Lecture Notes On Big-Data Storage
Lecture Notes On Big-Data Storage
This chapter describes how big-data systems store large files in a distributed file system. The goal
is to educate data scientists how to manage big-data efficiently and the implications of some design
or implementation decisions. The articles are largely based on the Hadoop Distributed File System
(HDFS) but most of the concepts apply to other distributed file systems. It is based on the public
documentation of Hadoop, the personal experience from working with Hadoop and Spark, and
the source code of HDFS. It is not meant to be extensive or to cover all aspects of HDFS. It just
describes the basic features and how they work in a distributed cluster.
Path
Path is essentially a String that stores a path to a file or directory in HDFS. The path object itself
does not contain any information on whether it points to a file, a directory, a symbolic link, ... etc.
It provides convenient functions to manipulate the path such as reaching the parent directory or
converting a relative path to an absolute path. In general, a path is written in the following form.
hdfs://namenode:9000/absolute/path/filename
hdfs is called the scheme of the file system. For example, this could be http, ftp, or file.

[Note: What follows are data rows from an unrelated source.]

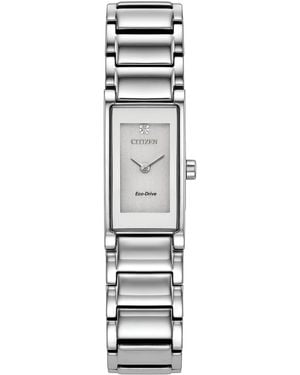 Citizen Axiom -tone Stainless Steel Bracelet Watch 14.3mm - White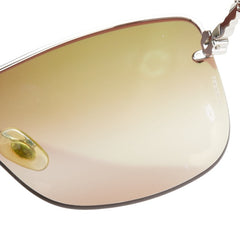 ティファニー ラインストーン サングラス ブラウン シルバー プラスチック レディース TIFFANY&Co. 【中古】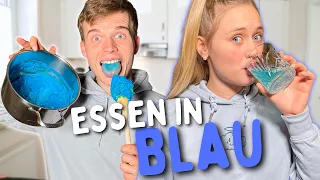 Ein Tag nur BLAU essen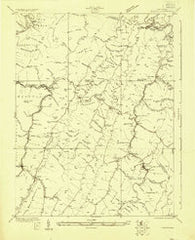 Horton West Virginia Historical topographic map, 1:48000 scale, 15 X 15 Minute, Year 1922
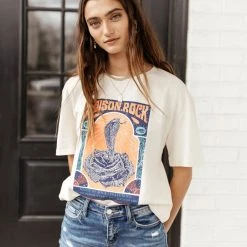 WORUI Tops Poison Rock Graphic Tee
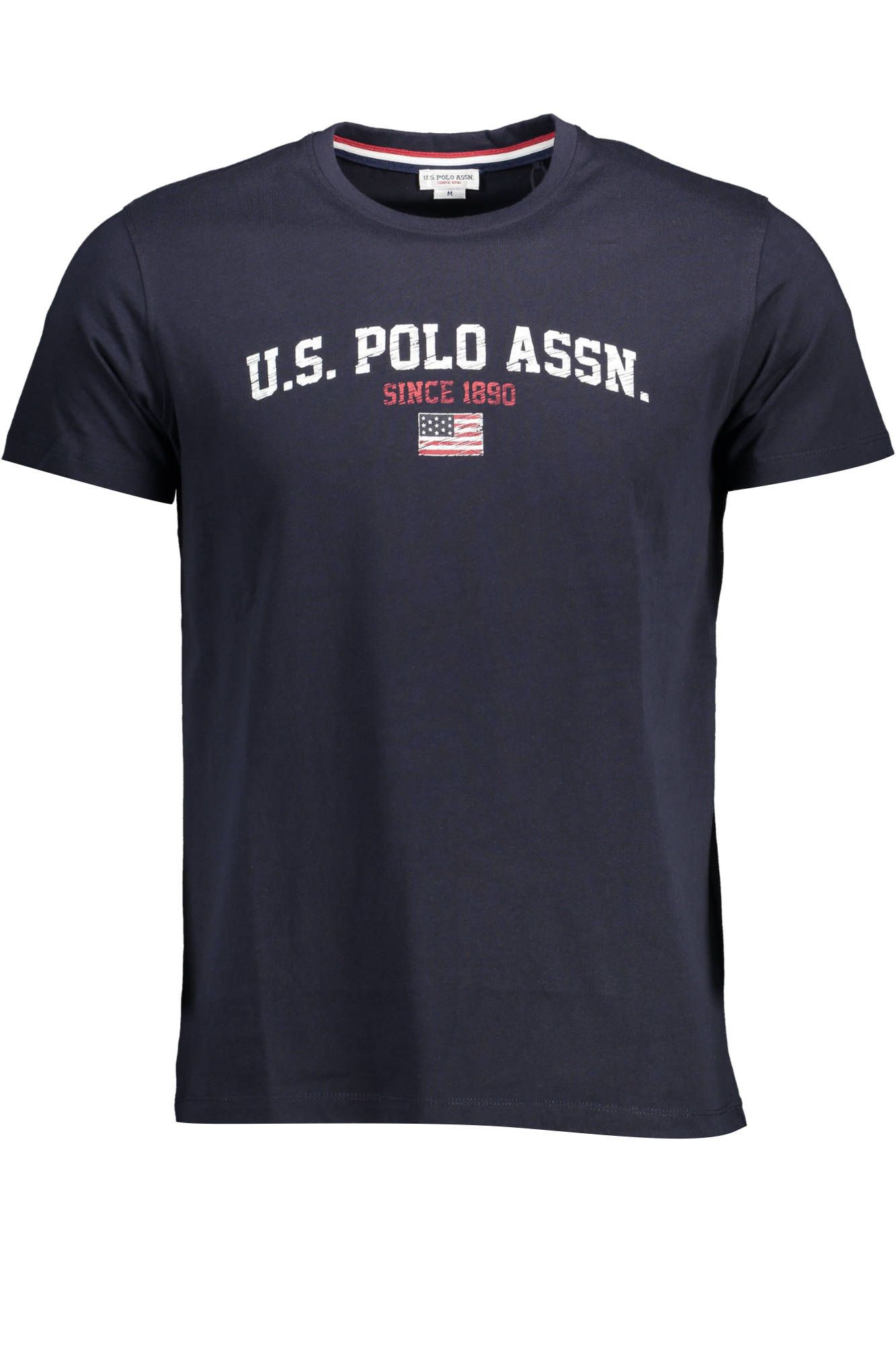 

Синяя хлопковая мужская футболка U.S. Polo Assn.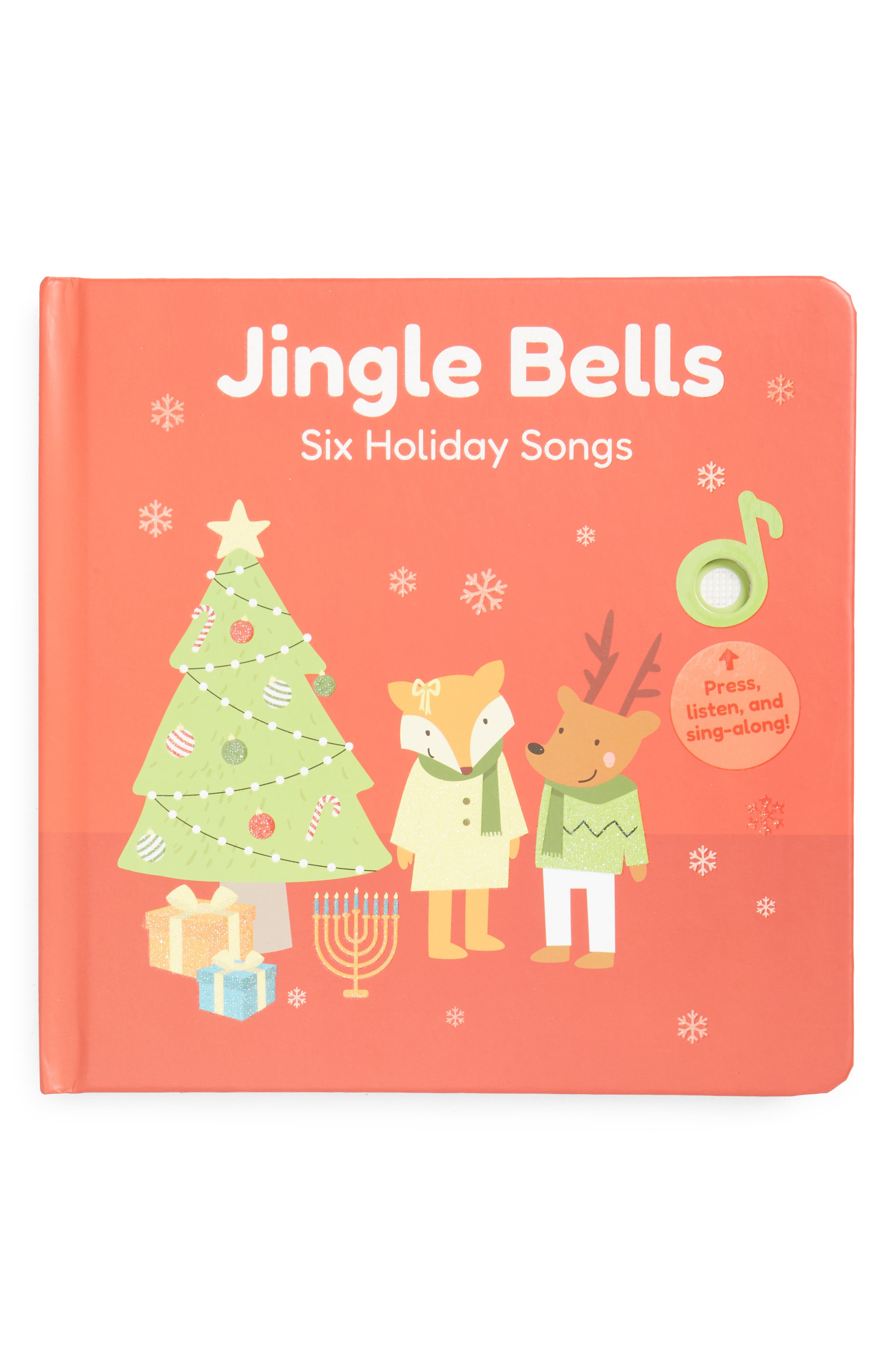CALIS BOOKS 'Jingle Bell Six Holiday Songs' Book in Red 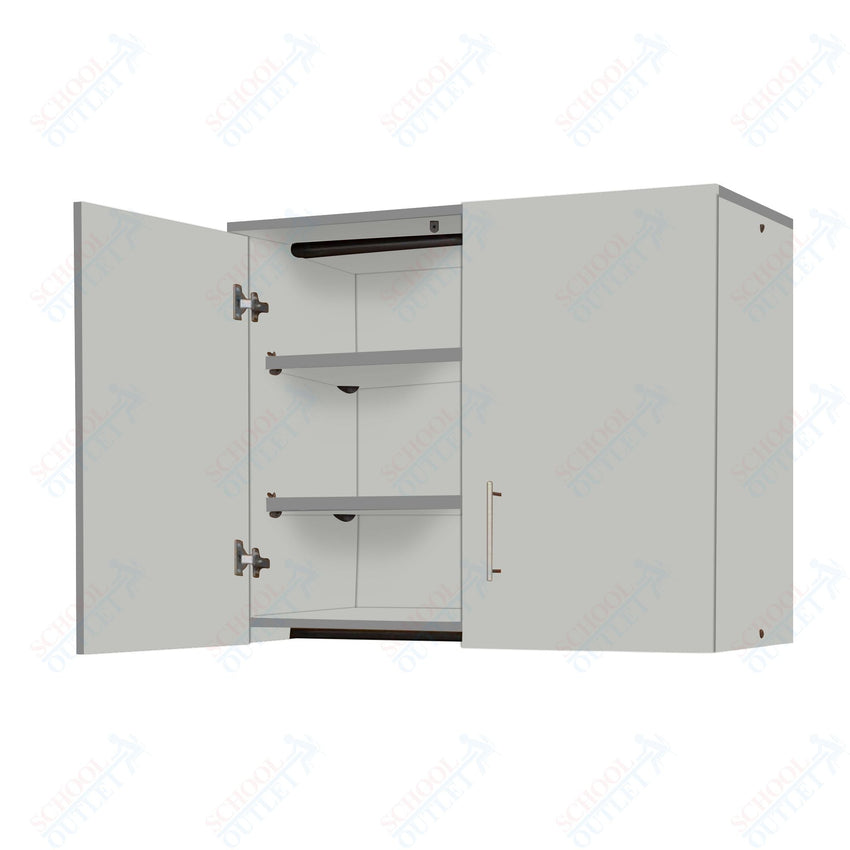 Marco Mobile Base Casegoods Wall Cabinet with Divider, 2 Doors and 4 Adjustable Shelves - 30"H x 48"W (3322 - 48301) - SchoolOutlet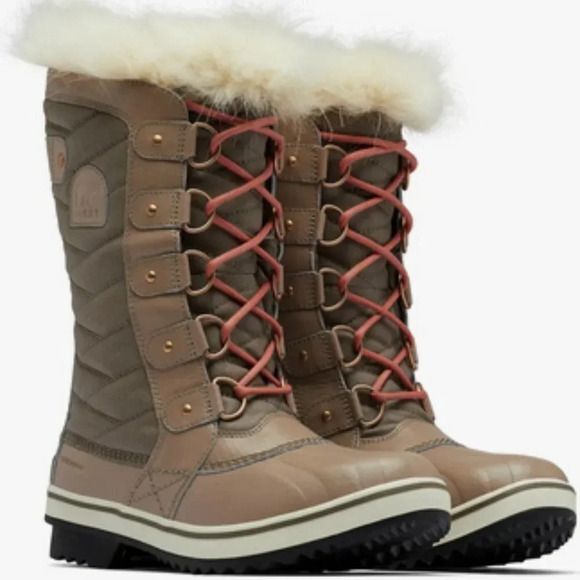 Sorel 'Tofino II' Faux Fur Lined Waterproof Boot in Omega Taupe Sz: 7 - Picture 1 of 15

namenode indicates the name or the IP address that hosts the file system. This can be the namenode for
HDFS or the server address for http and ftp file systems.
9000 the port on which the server is listening.
/absolute/path/ the absolute path where the file or directory is located. It always starts with a leading ‘/’.
filename is the name of the entity (file or directory) pointed at by the path.
Among all previous parts, only the filename is required. All other parts will be automatically
replaced with their default values if not provided. The default values are defined as follows.
• Scheme: The default file system is defined by the Hadoop configuration “fs.defaultFS".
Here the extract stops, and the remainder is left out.